One of the many types of "go to a place and find the thing" missions a player can undertake is retrieving information about weapon blueprints, thus allowing them to be purchased in the in-game store. For players who don't want to go on these collection quests, those same blueprints are available to purchase in Ghost Recon Breakpoint's microtransaction emporium, in which players can buy everything from new weapons and crafting materials to arm tattoos and attack helicopters. Purchases in the Ghost Recon store are made with Ghost Coins, which a player can buy for real-world money in packs starting at a base price of $4.99 for 600. Most, if not all, of these items seem to be available in the game without purchasing anything extra, making their inclusion here even more curious and apparently geared towards players who simply don't want to put forth the time to find them.
The moment to moment gameplay of Ghost Recon Breakpoint is adequate but somewhat clunky, apparently taking cues from games like Red Dead Redemption 2 in terms of player weight and realism when applied to tasks like descending slopes and cliffs, which can often find players tumbling head over feet towards the bottom. Vehicles like cars and motorcycles vary in responsiveness but all seem to have far better traction than their real-world counterparts, which is thankful given the vastly different topographies of the game's play area. The on-foot camera is also frustratingly close by default, giving the player a larger blind spot than feels necessary in a game of this nature, and although players are given the option to vault over waist-high obstacles this can only be accomplished when the related button prompt appears on screen, with the unfortunate result of frantic escapes being cut short because the camera wasn't positioned properly to allow said prompt to appear.
Ghost Recon Breakpoint is a game seemingly at odds with its own identity. For a series which for so long was focused on level-by-level tactical infiltration, the open world elements of Wildlands and now Breakpoint feel counter-intuitive to the directed, surgical way Ghosts have undergone missions in the past. The sandbox style of play, where developers simply give the players all the tools they need to have fun and tell them to experience the game in their own way, can be entertaining and even enjoyable at times but lacks the necessary drive and focus needed to properly convey the supposed severity of the game's plot. Players are given access to a vast landscape to explore and yet also immediately handed a helicopter and told, via their map's suggestion, they are too low a level to survive landing anywhere. Missions, objectives, and tutorial notifications flash across the screen at regular intervals, all in service of the constant grind to reach a new level and find new gear.
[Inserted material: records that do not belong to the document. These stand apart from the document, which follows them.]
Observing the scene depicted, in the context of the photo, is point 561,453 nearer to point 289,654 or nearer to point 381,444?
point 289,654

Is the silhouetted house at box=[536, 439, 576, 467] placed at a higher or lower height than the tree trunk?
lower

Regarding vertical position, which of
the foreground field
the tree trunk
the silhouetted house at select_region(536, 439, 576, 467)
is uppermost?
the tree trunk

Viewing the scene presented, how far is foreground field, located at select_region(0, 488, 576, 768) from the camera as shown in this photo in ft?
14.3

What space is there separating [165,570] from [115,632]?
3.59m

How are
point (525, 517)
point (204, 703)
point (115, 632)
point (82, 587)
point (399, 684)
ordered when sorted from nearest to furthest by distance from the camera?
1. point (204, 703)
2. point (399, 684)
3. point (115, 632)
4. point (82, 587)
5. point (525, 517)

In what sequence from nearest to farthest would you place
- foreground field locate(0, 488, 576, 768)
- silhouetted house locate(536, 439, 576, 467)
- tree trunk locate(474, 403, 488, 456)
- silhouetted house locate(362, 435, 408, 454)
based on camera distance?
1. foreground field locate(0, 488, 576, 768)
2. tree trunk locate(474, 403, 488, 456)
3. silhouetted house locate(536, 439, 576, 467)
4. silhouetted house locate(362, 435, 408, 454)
Breakpoint is a very pretty game, to be fair, but there's not much going on under the surface besides the now-usual Ubisoft sandbox with a coat of Tom Clancy's Ghost Recon painted on it. For players who are looking for team-based tactical infiltration, gadgets, and a fairly generic story about a solider-turned-rogue, Ghost Recon Breakpoint has all of those things provided they are utilized in the proper manner. For people who just want another sandbox island filled with enemies they can shoot with a variety of different weapons and drone strikes, Breakpoint has them covered as well. For players looking for a unique, offline experience not filled with microtransactions and unintuitive menu screens, they best look elsewhere, as day one server blackouts have already seen people not being able to access their game.
Tom Clancy's Ghost Recon Breakpoint is out now on the PlayStation 4, Xbox One, and PC. A Google Stadia version will be released in November 2019. A digital code was provided to Screen Rant for the purposes of this review.